- IATA: none; ICAO: KMGN; FAA LID: MGN;

Summary
- Airport type: Public
- Owner: Harbor/Petoskey Area Airport Authority
- Location: Harbor Springs, Michigan
- Elevation AMSL: 686 ft (209 m)
- Coordinates: 45°25′32″N 084°54′48″W﻿ / ﻿45.42556°N 84.91333°W

Map
- MGN Location of airport in MichiganMGNMGN (the United States)

Runways
| Direction | Length |  | Surface |
| ft | m |
| 10/28 | 4,157 | 1,267 | Asphalt |

Statistics (2018)
- Aircraft operations: 16,742
- Based aircraft: 19
- Source: FAA and airport web site

= Harbor Springs Municipal Airport =

Harbor Springs Municipal Airport , also known as Harbor Springs Airport, is a public airport located three miles (5 km) east of the central business district of Harbor Springs, a city in Emmet County, Michigan, United States. It is included in the Federal Aviation Administration (FAA) National Plan of Integrated Airport Systems for 2017–2021, in which it is categorized as a local general aviation facility.

Although most U.S. airports use the same three-letter location identifier for the FAA and IATA, Harbor Springs Municipal Airport is assigned MGN by the FAA but has no designation from the IATA (which assigned MGN to Baracoa Regional Airport in Magangué, Colombia). The airport's ICAO identifier is KMGN.

The airport has a skydiving facility recognized by the U.S. Parachute Association.

==Facilities and aircraft==
Harbor Springs Municipal Airport covers an area of 95 acre which contains one asphalt runway (10/28): 4,149 x 75 ft (1,265 x 23 m).

The airport has a fixed-base operator that sells fuel and offers courtesy cars, a conference room, a crew lounge, snooze rooms, and more.

For 12-month period ending December 31, 2018 the airport had 16,742 aircraft operations, an average of 45 per day. It consists completely of general aviation. At the time there were 19 aircraft based at the field: 17 single-engine airplanes, 1 multi-engine airplane, and 1 jet.

The airport is staffed daily from 8 am until dusk. It is accessible by road from M-119.

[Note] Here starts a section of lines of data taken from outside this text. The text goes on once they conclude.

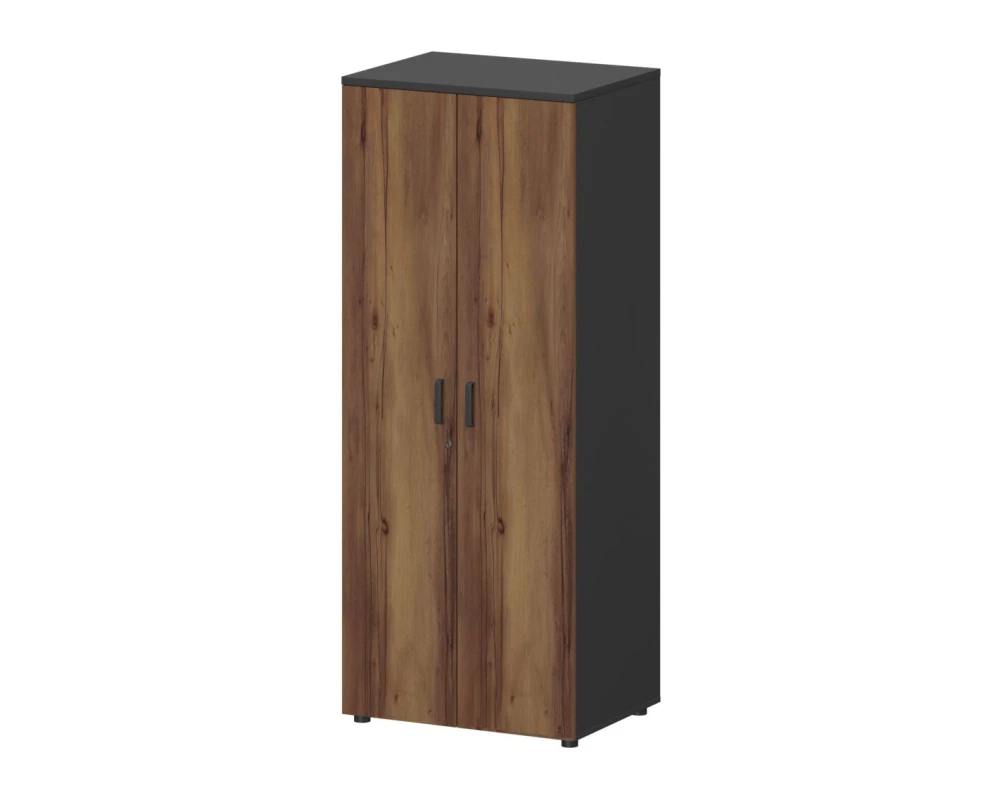 Шкаф для одежды СМШ-58-6ШД Тип1 792x594x1990 Смарт (pt)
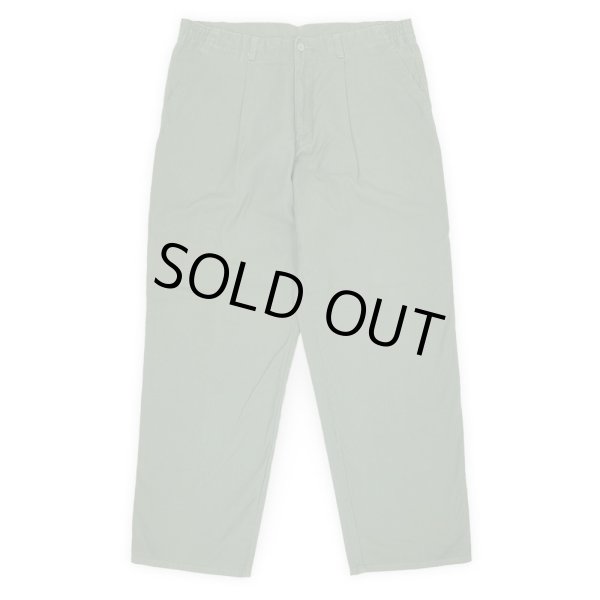 画像1: Early 90's DOCKERS 1タック キャンバストラウザー "OLIVE / W36 L30" (1)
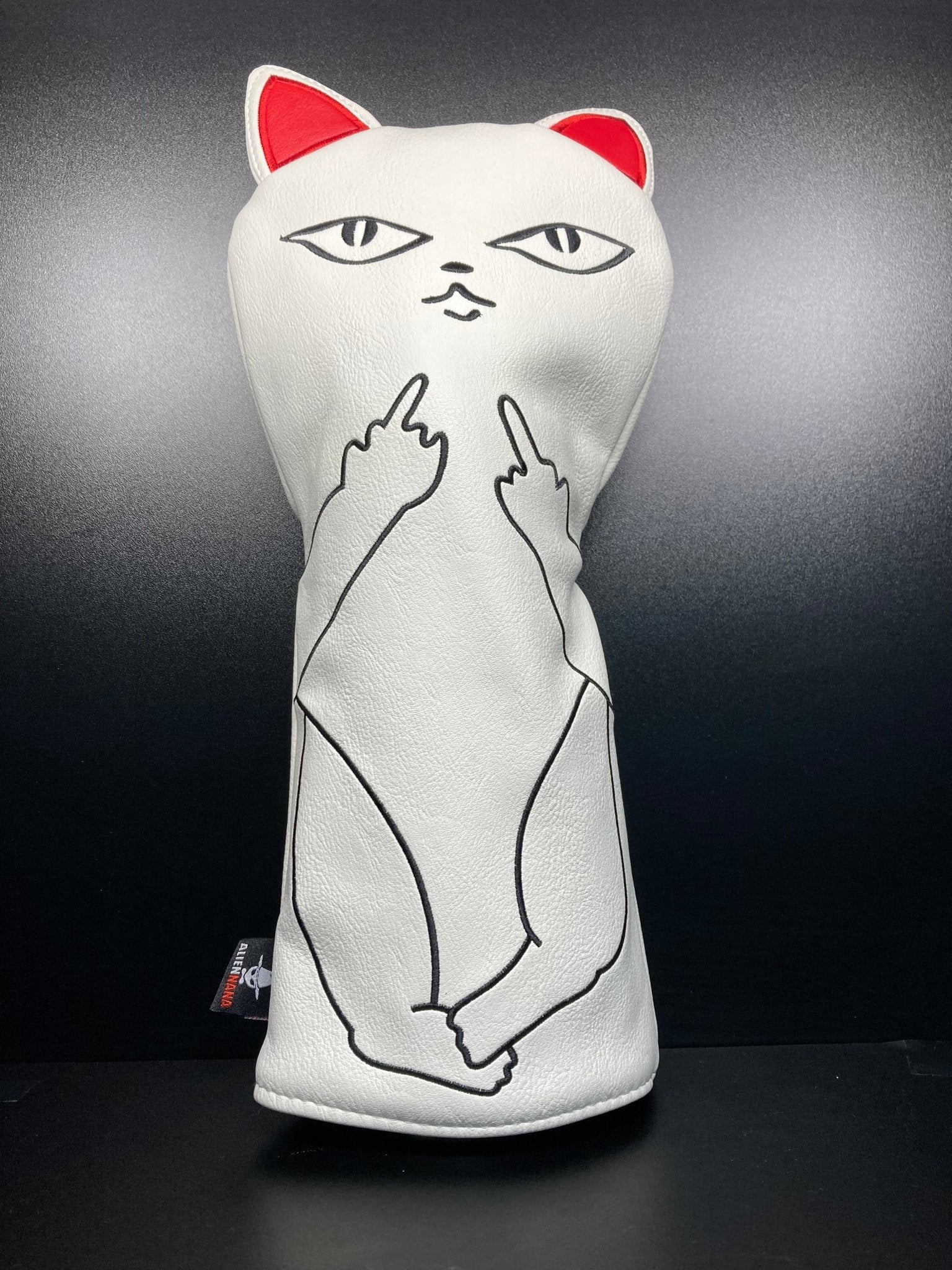 My Neighbor Totoro Cat Headcover - Black Girl Golf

==Accidents and incidents==
- On January 9, 2005, a Cessna 414A crashed during an aborted takeoff from Harbor Springs. The aircraft impacted a snowbank and airport fence off the departure end of the runway. The pilot stated that when the airplane reached rotation speed during takeoff it "felt mushy" and he "immediately decided to abort the takeoff." Though the pilot reported airframe icing on approach into Harbor Springs, he subsequently stated there was no ice on the airframe during the preflight. However, FAA photos show ice accumulation on the leading edges of the wings and the horizontal stabilizer during investigation. The probable cause was found to be the pilot's inadequate preflight planning/preparation by his failure to remove the accumulated airframe ice which resulted in deteriorated aircraft takeoff performance.
- On January 12, 2007, a Cessna 425 impacted terrain while attempting to land in Harbor Springs. The aircraft was flying a GPS approach to the airport and maintained an additional 20 knots above final approach speed to compensate for gusting winds. The aircraft began to flare above the runway threshold, but after touchdown, the aircraft "abruptly pitched up and was pushed over to the left" and flight control inputs were "only marginally effective" in keeping the wings level, according to pilot reports. The aircraft drifted off the runway and began to shudder, and thought the pilot added power to go around, the aircraft cartwheeled and subsequently caught fire. The probable cause was found to be the pilot's failure to maintain aircraft control and adequate airspeed during landing flare.
- On August 9, 2015, a Piper PA-32 impacted trees and terrain while on approach to Harbor Springs Airport. It was the private pilot's first night time logged in years, as well as his first in the aircraft and his first into the airport. The probable cause was found to be the pilot's failure to maintain clearance from the trees during the approach in dark, night conditions, which resulted in controlled flight into trees and terrain.